The department’s honors program gives our seniors the opportunity to conduct intense and independent work in English literature and language. The program begins in the fall semester with an Honors Seminar, in which all honors students are required to enroll.
In the spring semester, each student completes an honors thesis on a topic of their own choosing. The thesis is ordinarily an extended scholarly or critical essay, but majors in creative writing can submit extended work in prose or poetry as their thesis.
While the fall seminar is intended to prepare and focus students for the in-depth work of writing an honors thesis, the possible topics for theses need in no way be bound to the seminar topic.
All junior English majors are invited to apply.

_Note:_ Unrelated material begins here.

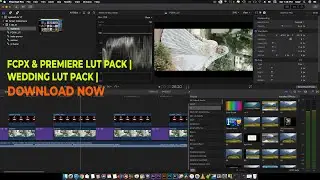 FCPX & PREMIERE LUT PACK | WEDDING LUT PACK | DOWNLOAD NOW | Learn 2 Pro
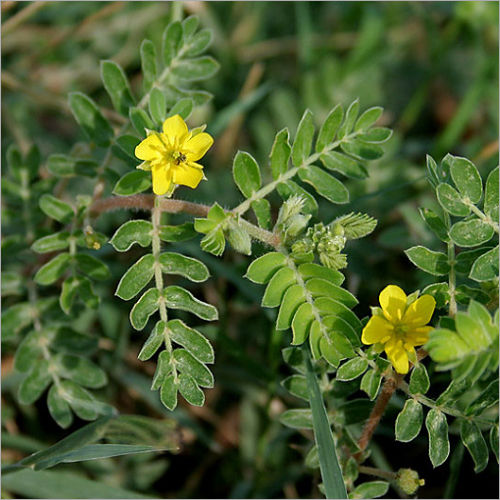 Green Tribulus Terrestris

Fall 2018 Honors Seminar (ENG 396)
Shakespeare and Modernity
Professor Kenneth Gross
Part of the urgency of Shakespeare lies in how his writing inspires later creative work. My aim in the seminar is to read a group of Shakespeare’s plays in tandem with some major works of modern literature that respond to those plays, re-interpreting and transforming them, even subjecting them to violent parody. These are works that make the original plays into something new. I want to map the distance between Shakespeare and his modern inheritors, but also make clear what they deeply share, including aspects of Shakespeare’s work that anticipate crucial elements of modern literature, its playfulness, irony, and surreality, its range of linguistic invention and its starkness of psychological and moral questioning. The list of paired texts we’ll read includes Hamlet and Tom Stoppard’s Rosencrantz and Guildenstern are Dead, King Lear and Samuel Beckett’s Endgame, A Midsummer Night’s Dream and August Strindberg’s Dream Play, The Tempest and W. H. Auden’s The Sea and the Mirror, and Macbeth and Alfred Jarry’s satirical King Ubu. We’ll also be looking at T. S. Eliot’s The Waste Land, a modern poem which offers a vast echo chamber of a whole array of Shakespeare plays (including The Tempest, Hamlet, King Lear, and Antony and Cleopatra), as well as Eliot’s “Coriolan,” his response to Shakespeare’s Coriolanus. Other possible works are Luigi Pirandello’s Henry IV (a Hamlet-like play, with a madman playing at being a king) and Virginia Woolf’s Mrs. Dalloway, which is full of echoes of Shakespeare’s Cymbeline and other romances. We may also look at some modern cinematic transformations of Shakespeare plays, such as Akira Kurosowa’s Throne of Blood (based on Macbeth) and Ingmar Bergman’s The Smiles of a Summer’s Night (a film full of echoes of A Midsummer Night’s Dream). Students will be encouraged to pursue their own lines of research into Shakespeare’s modern inheritors and adaptors. The seminar can count for either by the pre- or post-1800 requirement in the major.